*** Opening of RECORDS ***

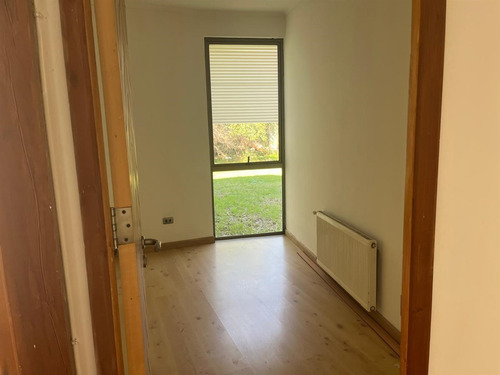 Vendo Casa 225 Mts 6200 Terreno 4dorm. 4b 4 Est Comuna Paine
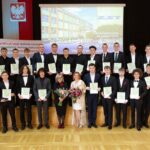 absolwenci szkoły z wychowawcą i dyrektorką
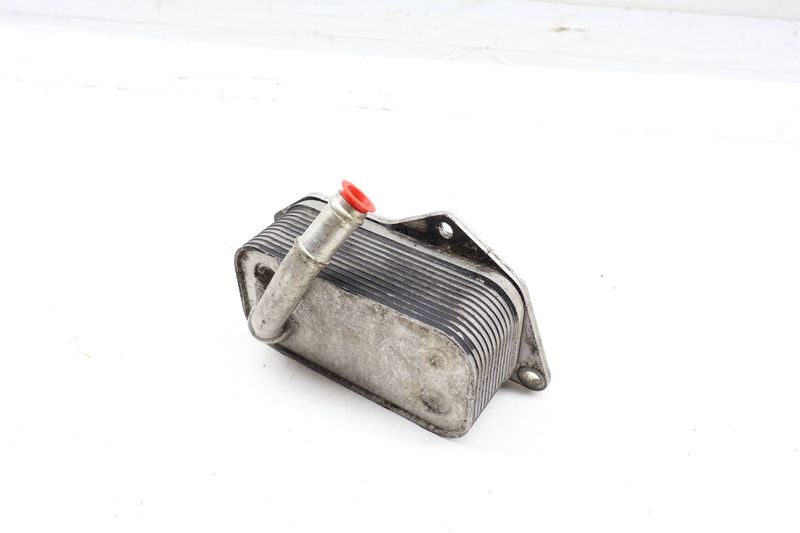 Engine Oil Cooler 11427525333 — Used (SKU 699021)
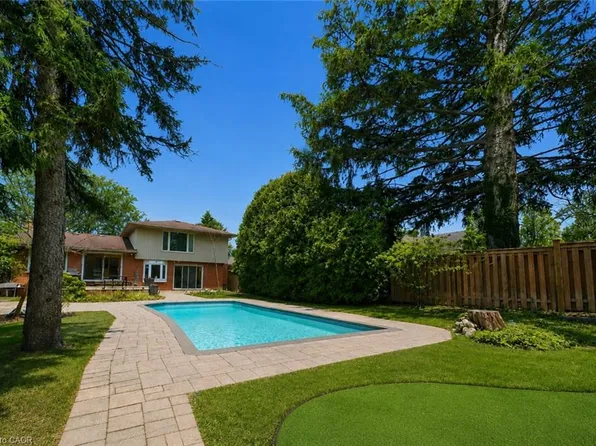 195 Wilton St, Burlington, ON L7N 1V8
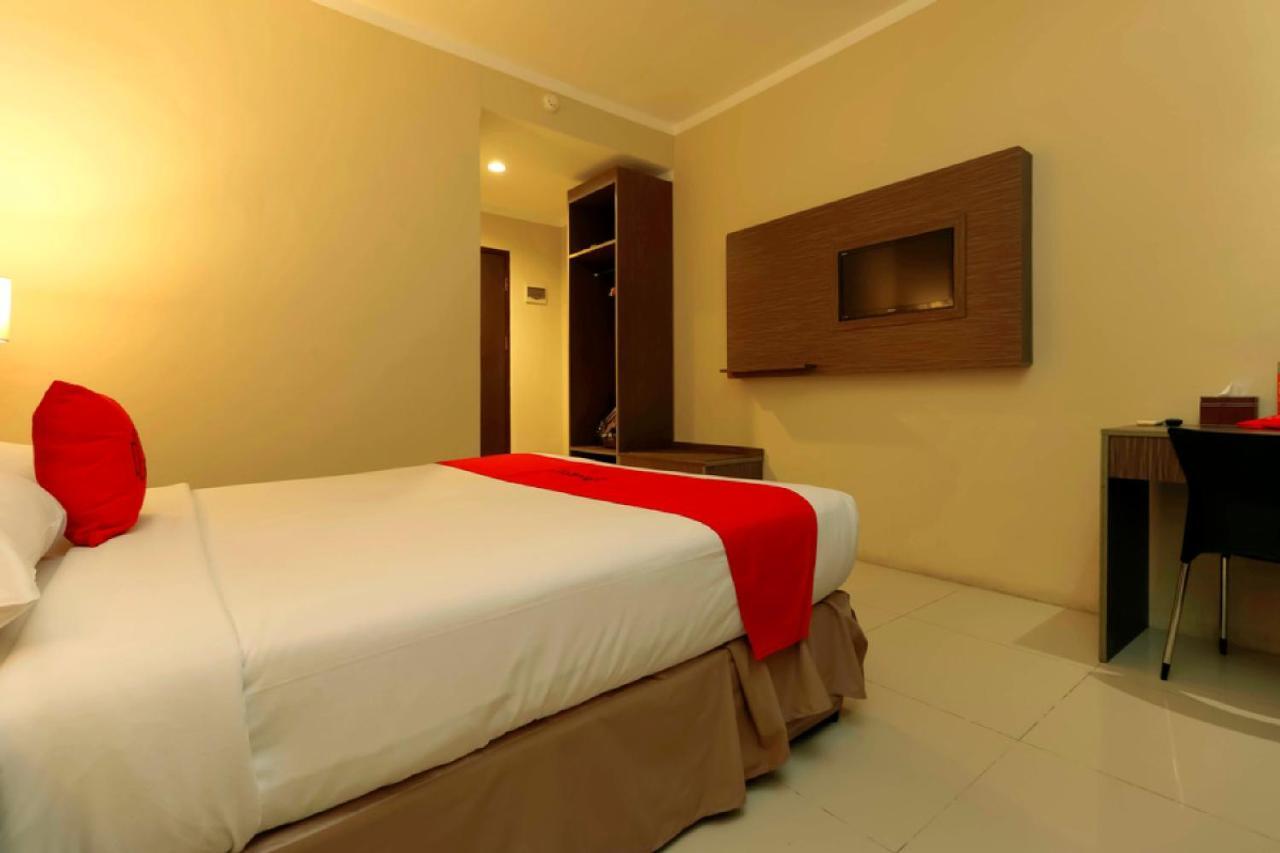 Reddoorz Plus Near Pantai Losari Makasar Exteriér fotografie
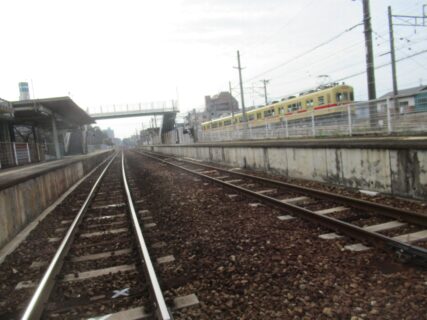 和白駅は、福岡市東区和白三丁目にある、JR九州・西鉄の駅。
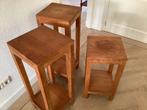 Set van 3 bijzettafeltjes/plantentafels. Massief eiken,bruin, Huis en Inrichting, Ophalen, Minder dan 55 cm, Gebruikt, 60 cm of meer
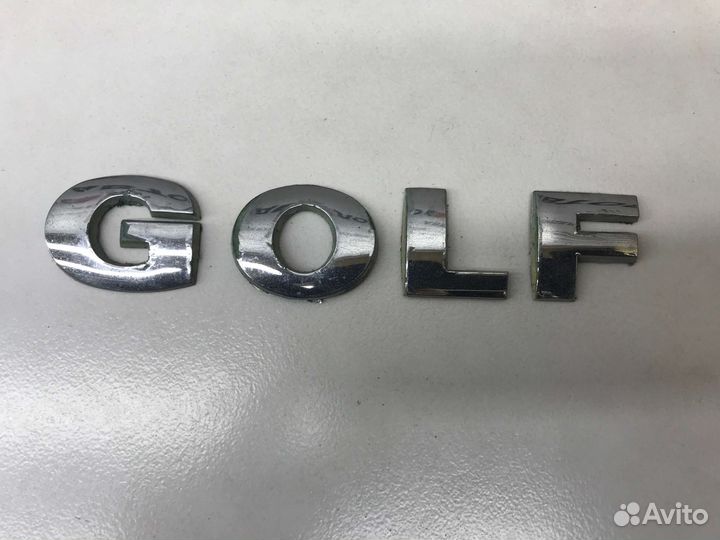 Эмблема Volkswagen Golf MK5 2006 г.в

*** Close of RECORDS ***

**TASK INSTRUCTIONS:** Please retype exactly the lines from the line containing "195 Wilton St, Burlington, ON L7N 1V8" through the final line of the records above, inclusive, leaving out any pictures.

**OUTPUT FOR THIS TASK:**
 195 Wilton St, Burlington, ON L7N 1V8
 Reddoorz Plus Near Pantai Losari Makasar Exteriér fotografie
 和白駅は、福岡市東区和白三丁目にある、JR九州・西鉄の駅。
 Set van 3 bijzettafeltjes/plantentafels. Massief eiken,bruin, Huis en Inrichting, Ophalen, Minder dan 55 cm, Gebruikt, 60 cm of meer
 Эмблема Volkswagen Golf MK5 2006 г.в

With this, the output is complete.